I gommoni che partono dalla spiaggia di Zuwarah sono fragili. Lo abbiamo visto come si accartocciano su loro stessi quando perdono pressione e la struttura cede sotto il peso dei suoi passeggeri. Lo abbiamo visto come succede solo pochi giorni fa in un video amatoriale girato dai marinai di una porta container. Il cellulare aveva ripreso tutta la scena. Aveva mostrato come si rovescia su se stesso. Come i passeggeri cerchino scampo disperatamente aggrappandosi a quello che del gommone resta a galla. Succedeva accanto ad una nave, ad un passo dalla salvezza. È successo ancora in mezzo al mare, in piena notte.
Gommoni identici. Gommoni fragili, che sembrano fatti in serie.
Lo dicono da tempo i marinai impegnati nei soccorsi in mare. Quei gommoni di cartapesta si rompono facilmente.
Naufragi. Ancora naufragi. Dal 12 maggio è il terzo, o il quarto. Centinaia di dispersi, decine di corpi sepolti dentro fosse comuni. È una strage che non si ferma.

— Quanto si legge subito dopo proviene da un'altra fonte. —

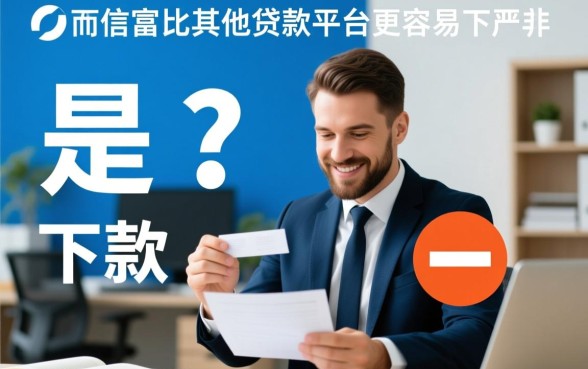 比信而富真的比其他贷款平台更容易下款吗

Quel gommone l’aveva visto un elicottero. Stava navigando verso Lampedusa, verso l’Europa.
Quell’elicottero ha segnalato il gommone all’Italia. Sebbene fosse in acque libiche e stesse entrando in acque maltesi. Quell’elicottero è un elicottero portoghese. Fa parte del dispositivo Frontex, quello che l’Europa rivendica come attività di controllo delle frontiere marine, che rivendica come attività di soccorso in mare. Lo rivendica l’Europa per dire che la sua parte la sta facendo. Quell’elicottero ha segnalato il gommone e se ne è andato.
Mare nostrum non può durare all’infinito. Oggi lo ha ripetuto il ministro dell’interno che non si appella più direttamente all’Europa richiamandola ai suoi doveri, chiedendole il sostegno che dovrebbe, dicendole che non basta un elicottero portoghese. Non può durare all’infinito, dice il ministro dell’interno, mentre le ricerche vanno avanti nel mediterraneo. Le ricerche dei dispersi. Forse sono 40, forse sono 50.
Mentre dalla spiaggia di Zuwarah, altri gommoni di cartapesta stanno per prendere il mare.